__Work item__: All pictures are to be dropped, and the remaining data set down exactly.

__Data for this exercise__:
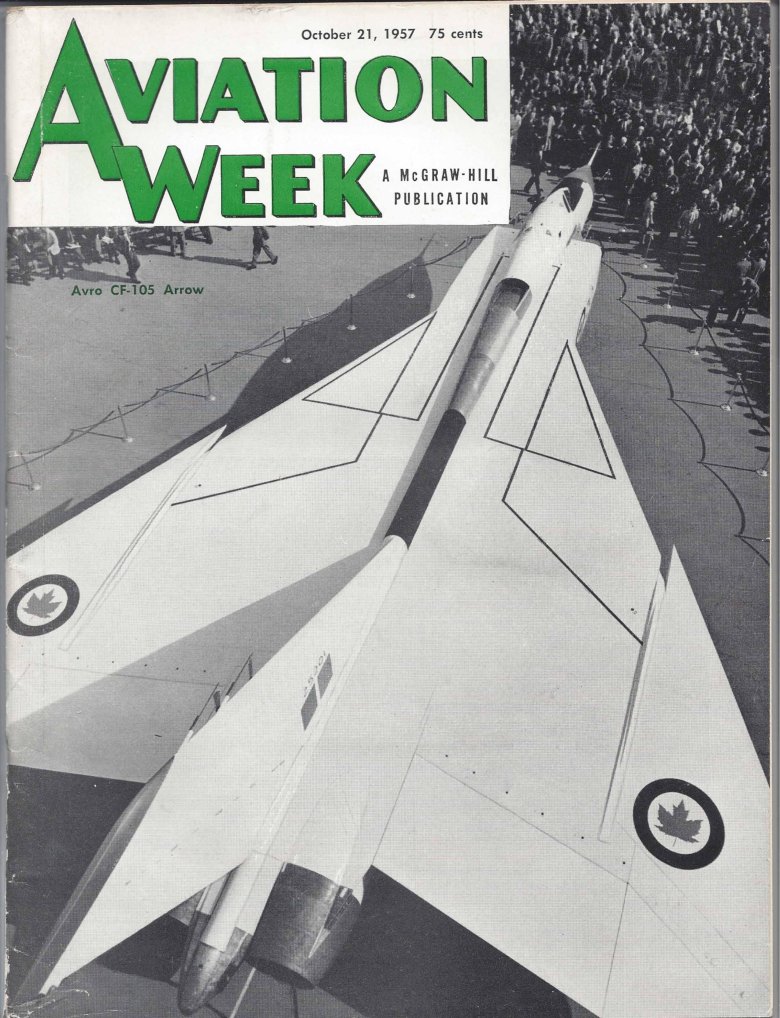 Avro arrow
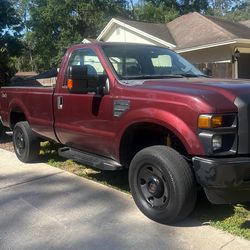 2009 Ford F-350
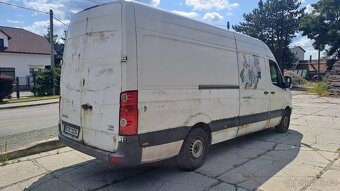 Volkswagen Crafter 2.5 TDI klima MAXI - 3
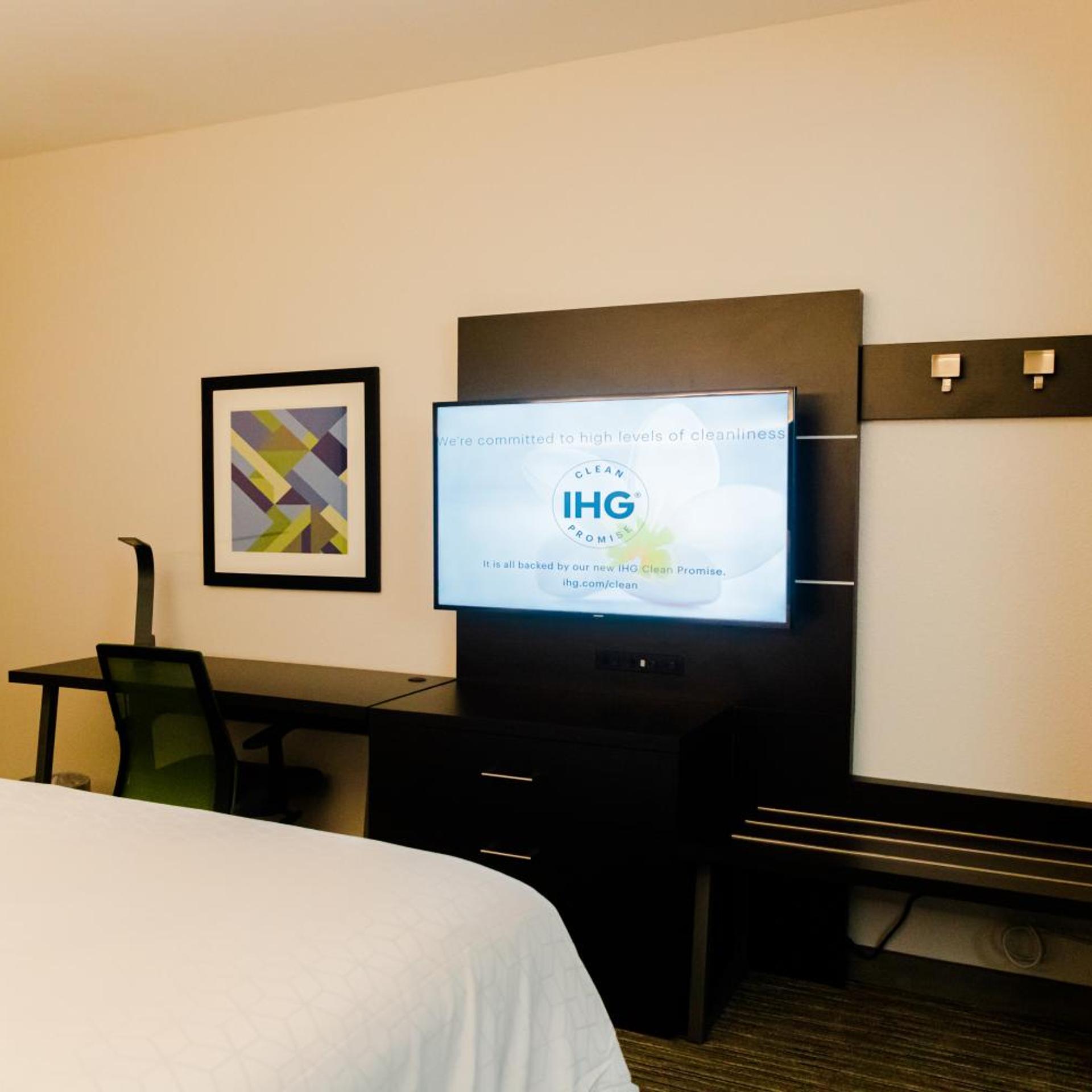 holiday inn express greenville by ihg
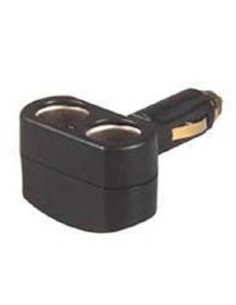 Double Cigar Lighter Socket MLS2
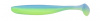 Силиконовая приманка KEITECH Easy Shiner 4" - PAL #03 Ice Chartreuse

__Your solution__:
 Avro arrow
 2009 Ford F-350
 Volkswagen Crafter 2.5 TDI klima MAXI - 3
 holiday inn express greenville by ihg
 Double Cigar Lighter Socket MLS2
 Силиконовая приманка KEITECH Easy Shiner 4" - PAL #03 Ice Chartreuse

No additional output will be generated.